As I paged through the day’s paper my eyes fell on a quote by Albert Schweitzer: “Success does not lead to happiness, happiness leads to success.” How true.

It took me many years to discover that God’s perfection is best expressed in humanity’s contentment. (By the way, this has been a cornerstone of many Christians’ theological understanding long before John Piper was born, and you most certainly do not need to be a Calvinist to grasp it!) Our satisfaction testifies to the sufficiency of God’s grace, to put it differently. This means that Christians are meant to be truly happy people. It also means that if you are not truly happy, you are missing some pieces of your theological puzzle or its application to your life.

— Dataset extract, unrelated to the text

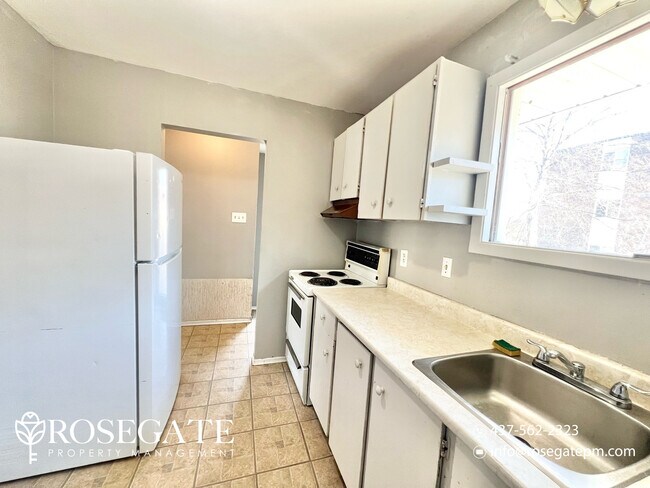 Building Photo - Bright 2-Bedroom Multiplex Unit with Parking in London!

Perhaps a personal reference would be in order here. I came into this world with an inexplicable melancholia that ended up haunting me on a near daily basis. This continued for many years after my conversion. I eventually concluded (rather prideful, I should add), that the hollow emptiness at the core of my being was the downside of my artistic and bookish inclinations. And so I imagined myself as being in the same band as Hemmingway, Churchill and all the tortured poets who constantly had to fight their suicidal tendencies.

I was mistaken. My “impenetrable fog”, as Abe Lincoln used to refer to his depression, vanished when the sun of God’s love shone over it. And in its stead an indescribable joy bubbled up from deep within. I was no tortured genius. I was a poor lost soul who took way too long to grasp the central message of the Bible, namely that God loves me just as (JUST AS, get it?) he loves Christ. When that penny dropped my years of theological training, articles I had written, sermons I had preached and theological battles I had fought underwent a baptism of mammoth proportions. And what emerged was… new. Very new. In fact, so new that it appeared to be a different gospel to the one that I had been spreading for many years. Paul put it well: It all amounted to nothing because it was not based on love.

The man who writes these words is now a very, very happy man. I am indeed obsessed with the love of God. I sleep it, drink it, think it, talk it, preach it. This discovery has been my treasure in the field, and I gladly rid myself of everything in order to buy the field and unearth the treasure. And what a treasure it is! I have subsequently discovered that the two greatest motivators on planet earth, fear and fullness (or happiness, if you wish), are directly linked to the love of God, the former negatively and the latter positively. I have discovered even more, much more than I can ever share with words. This chest has no bottom. Truly, the love of God is beyond description. It is as infinite as God is infinite, for God is love. And if all else pass away, love will remain… and remain… and remain…

I dedicated my weekly newspaper column to this glorious truth. As it will only be out tomorrow, I cannot post it yet. But I will do so the moment it hits the streets.